Oh, and about the Echo. Yeah, there’s an uncanny resemblance. OnHub is a column topped with a ring of LEDs that change color to keep you hip to what’s going on with your network.

Google says that its design is intended to improve Wi-Fi signal strength.

“Oh,” I think. “So the shape is defined by a series of vertical antennas arranged around the perimeter, like the whalebone in an old-timey corset.”

No, while it’s true that OnHub’s 12 antennas (six on each band) are arranged in a ring, Google is saying that its overall presence is actually sociological. Where did I install my Airport Extreme? It’s in my office, which is off at the perimeter of the house. I’ve got it on the top of a file cabinet, right up against a wall. It’s not an ugly device. But ultimately it can’t help but be a plain box with wires hanging off of it.

All of that gets in the way of a good radio signal. The OnHub’s pretty design (hopefully) encourages people to place it in the middle of a room where people hang out, without sheetrock and plaster muting the signal inches from the source.

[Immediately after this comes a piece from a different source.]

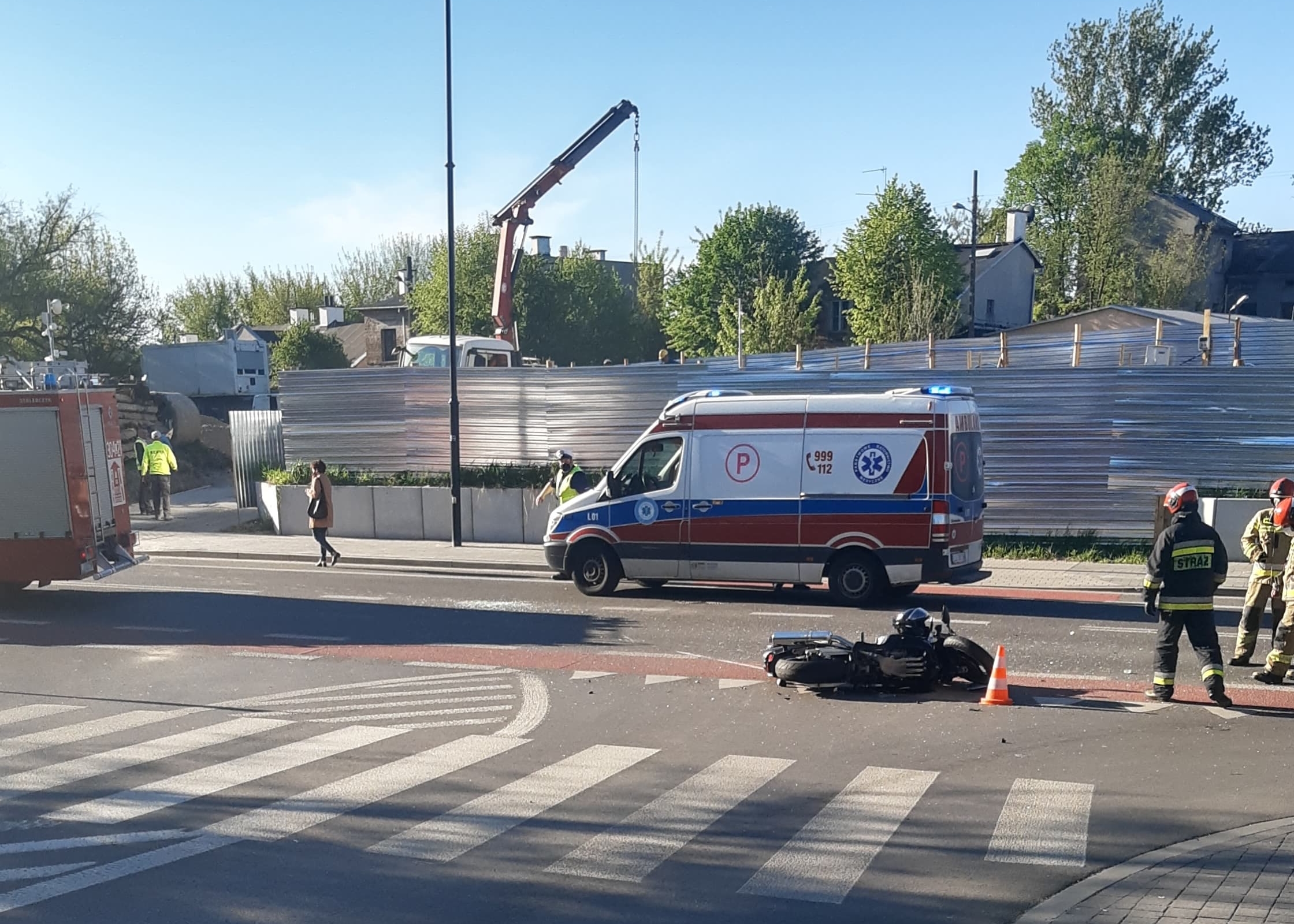 Po wypadku z udziałem motocyklisty zablokowana ul. Kalinowszczyzna (zdjęcia)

Is this effective? Dunno. It looks lovely in the press photos but it’s not showing an ugly copper CAT6 cable snaking across the floor. Plus, makers of less-dramatic routers are familiar with these issues and compensate for them (sometimes with cool standards that actually “steer” the signal to where it needs to land). There’s no solution as simple as “have your antennas out in the open,” though. And maybe this design will allow OnHub to achieve housewide coverage without needing to amp up signal strength so high that the router is visible to other houses or apartments.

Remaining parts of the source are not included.